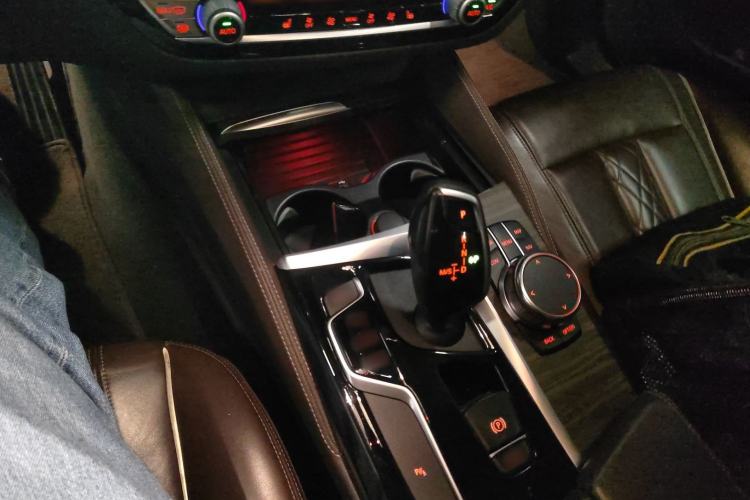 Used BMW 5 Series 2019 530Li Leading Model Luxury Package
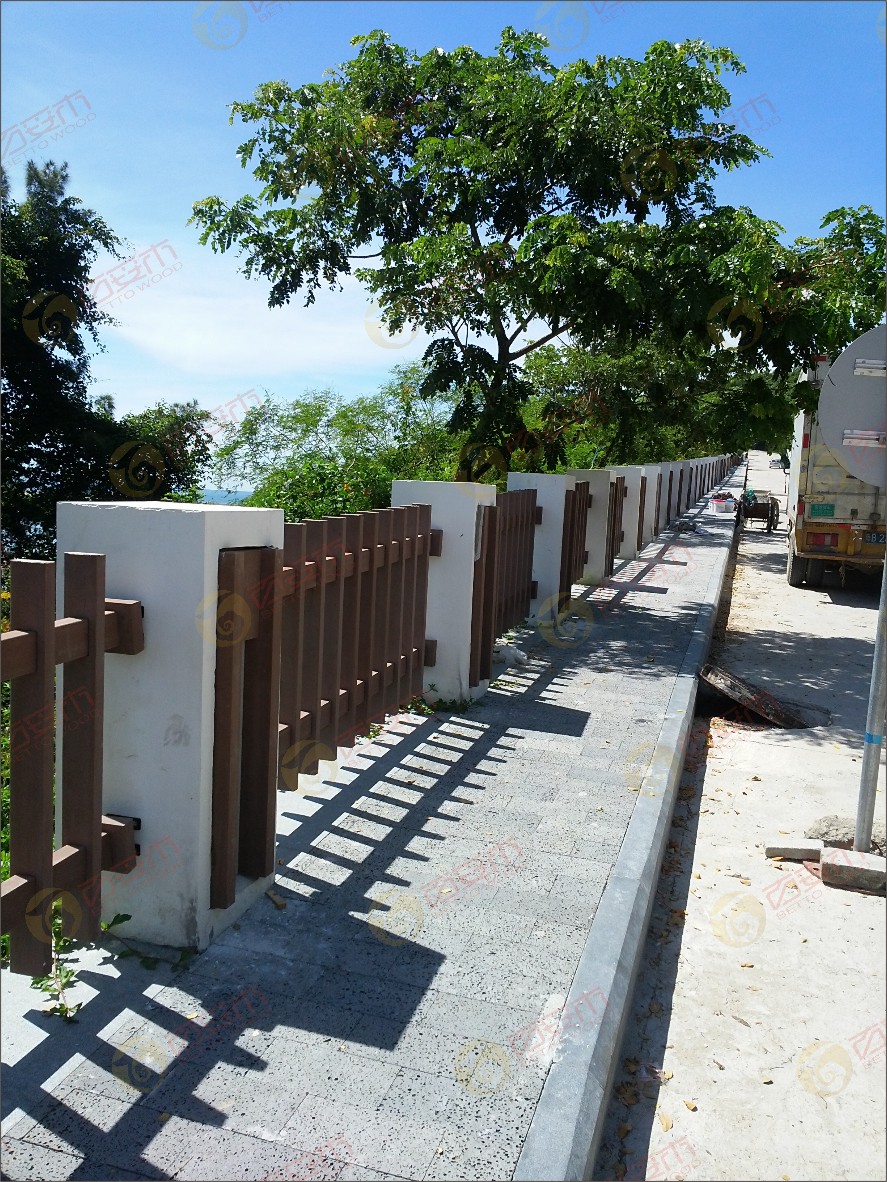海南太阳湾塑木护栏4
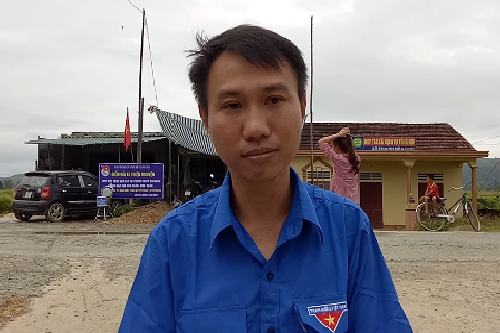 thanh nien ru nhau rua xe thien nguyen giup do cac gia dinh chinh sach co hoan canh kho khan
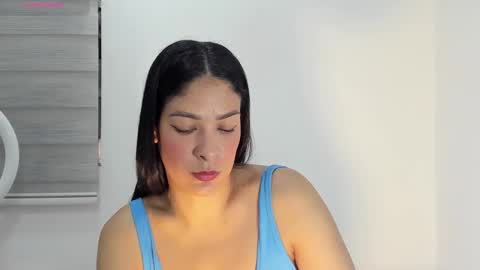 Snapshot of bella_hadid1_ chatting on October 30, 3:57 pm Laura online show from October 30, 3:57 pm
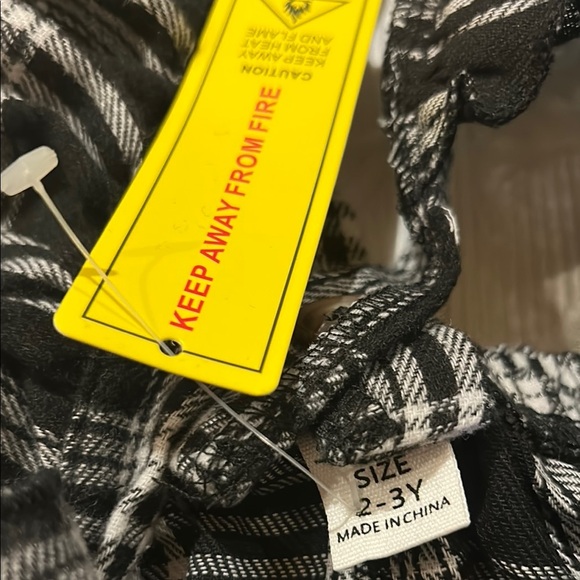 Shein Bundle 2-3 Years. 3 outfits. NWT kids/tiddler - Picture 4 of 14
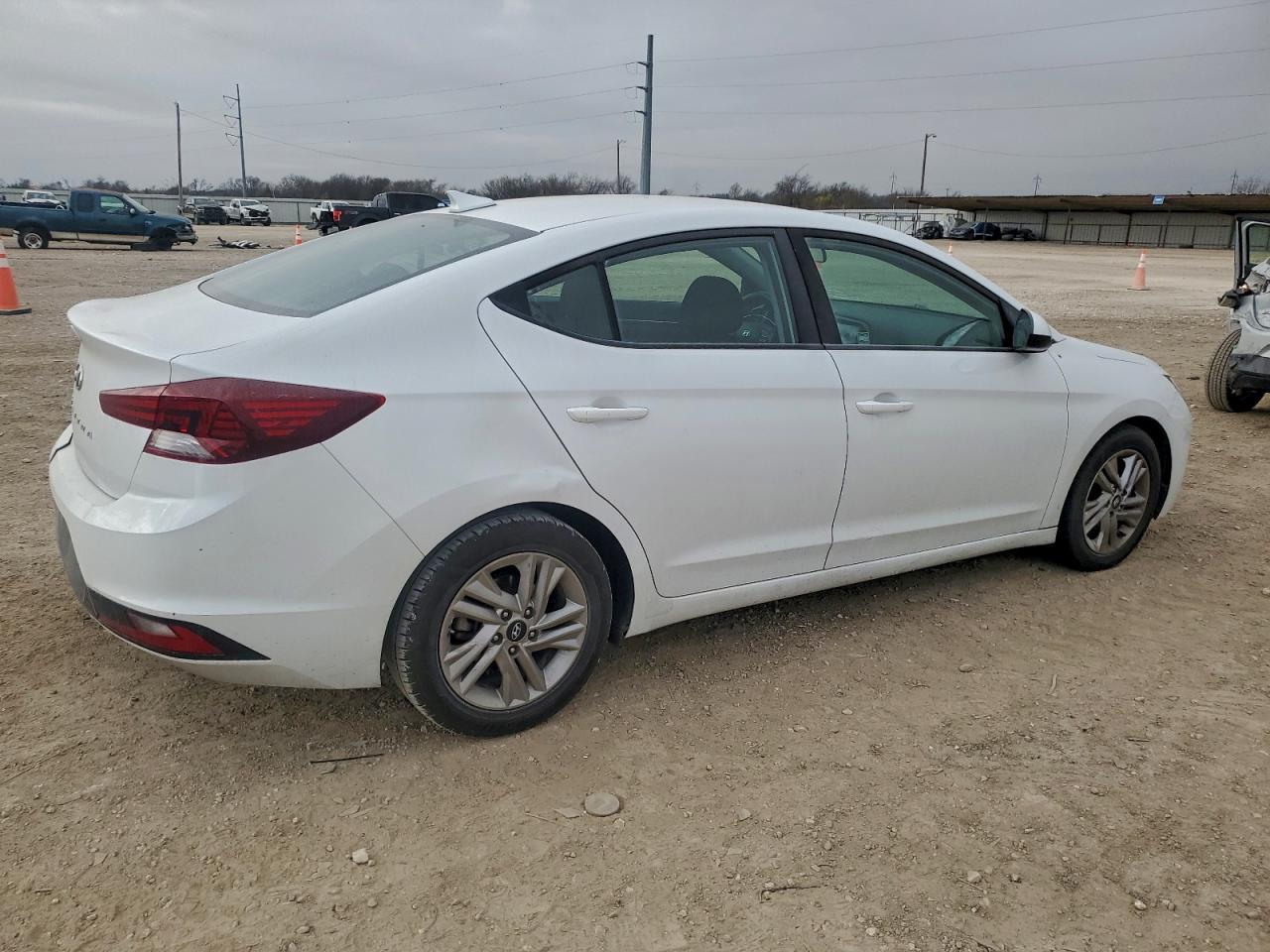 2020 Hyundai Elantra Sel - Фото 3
==
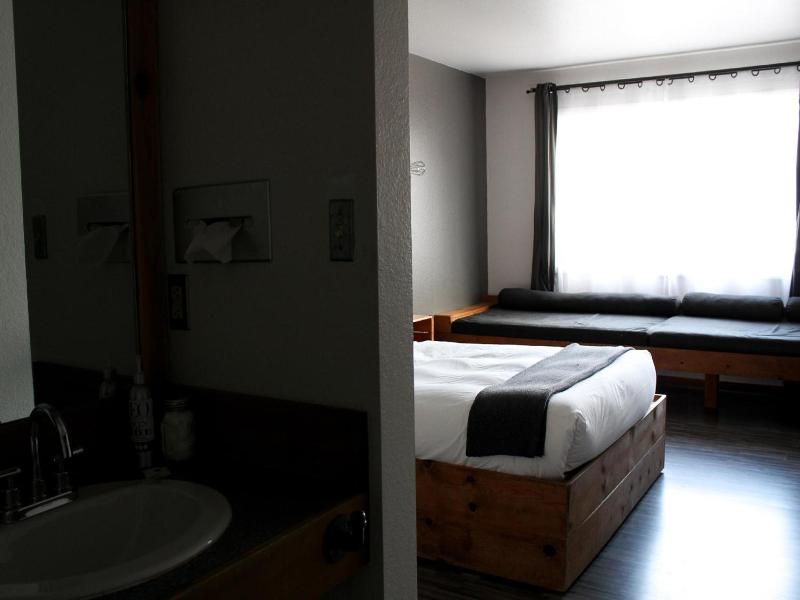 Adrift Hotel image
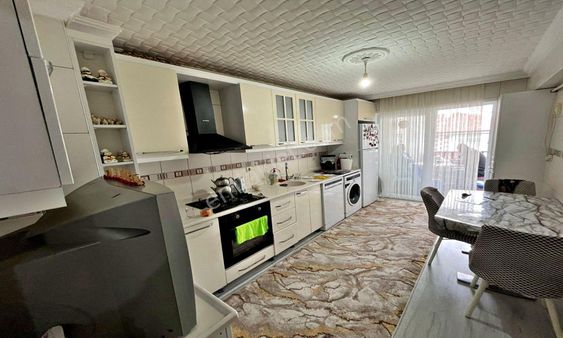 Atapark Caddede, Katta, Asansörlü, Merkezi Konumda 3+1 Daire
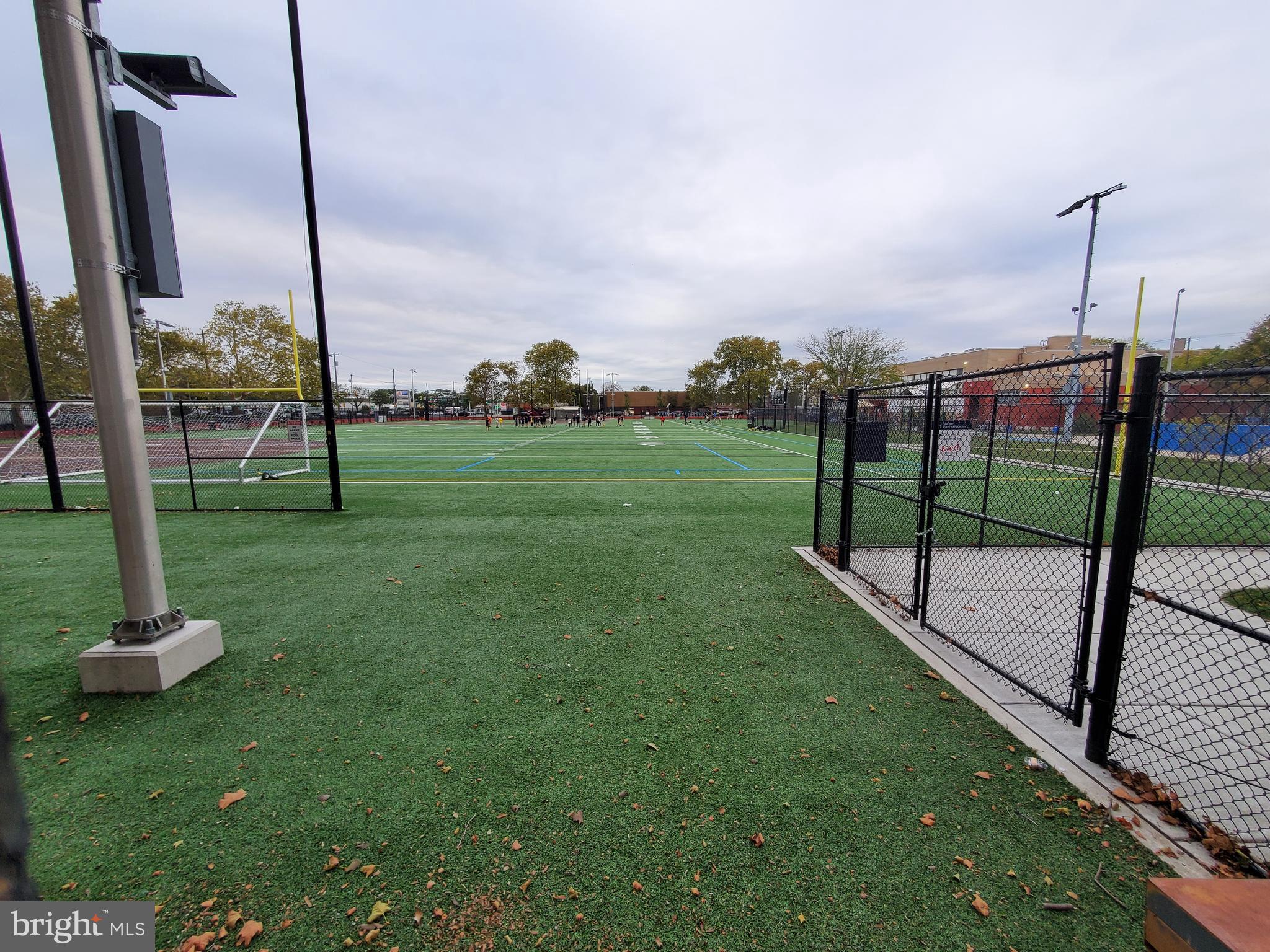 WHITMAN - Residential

TASK STATEMENT
Within the entries above, the lines from the one containing "Snapshot of bella_hadid1_" through the one containing "2020 Hyundai Elantra Sel - Фото 3" are to be transcribed exactly, ends included, pictures excluded.

TASK RESPONSE
 Snapshot of bella_hadid1_ chatting on October 30, 3:57 pm Laura online show from October 30, 3:57 pm
 Shein Bundle 2-3 Years. 3 outfits. NWT kids/tiddler - Picture 4 of 14
 2020 Hyundai Elantra Sel - Фото 3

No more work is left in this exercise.